Fine Tuned Heads (Are All You Need?)

Introduction

Hey! I'm William. I care about doing efficient Computer Vision and I think that this project highlights some great potential ideas for ensuring we can stay efficient.

Inspiration

I've recently been very interested in making ML (and specifically Computer Vision) more efficient. There exist many recent analyses of making ML more efficient. These papers showcase a variety of different approaches to improve model efficiency and reduce global impact. If you're not sold on why model efficiency matters, I encourage you to skim over some of those papers.

Some key takeaways are as follows:

A majority of energy is spent serving models than training (90%-10%) (Patterson et al.)
There are three major focuses we can use to improve model implementation efficiency
More Efficient Architectures --Model inference cost (in FLOPs), as well as model size (number of parameters), is growing exponentially.
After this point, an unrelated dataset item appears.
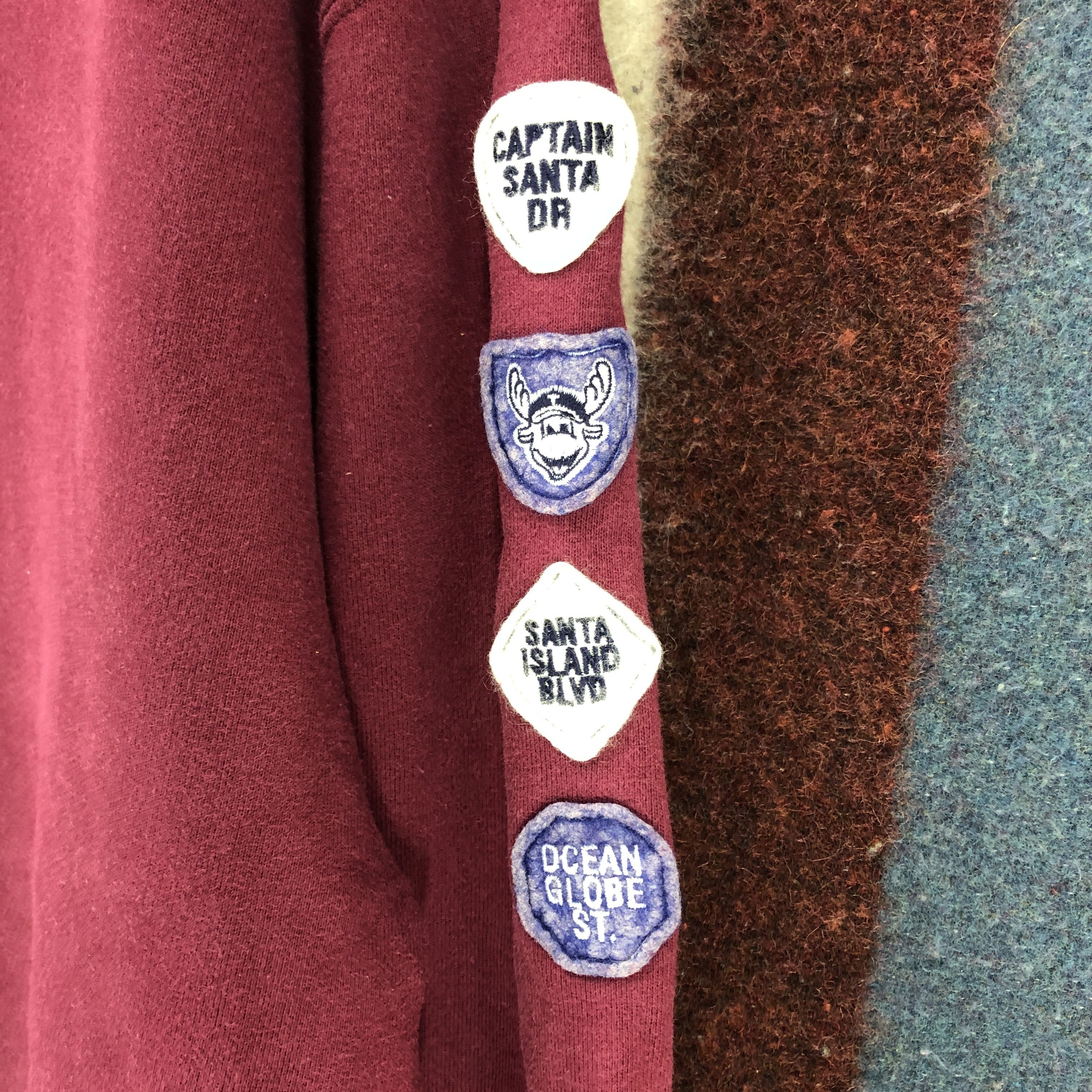 Japanese Brand CAPTAIN SANTA Ocean Globe Hoodie Pullover #047-02 Size US L / EU 52-54 / 3 - 4 Thumbnail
It is necessary to design and utilize algorithms that learn and infer more efficiently. The authors highlight two promising approaches, Mixture of Expert models and approaches which perform more efficient attention (BigBird, LinFormer, Nystromformer).
More Efficient Hardware --The only reason we are able to train these larger models is because of more complex hardware. Specialized hardware, such as TPUs or Cerebras' WSE shows promising results in performance per watt. Authors find that specialized hardware can improve efficiency 2-5x.
More Efficient Energy (Datacenter/Energy Generation) --The location that these models are run on also has a significant impact on the efficiency of inference time. By computing locally, as well as in a place where we can efficiently generate energy, we can reduce the impact of our models.

These goals, however, conflict with many current approaches in Machine Learning implementation.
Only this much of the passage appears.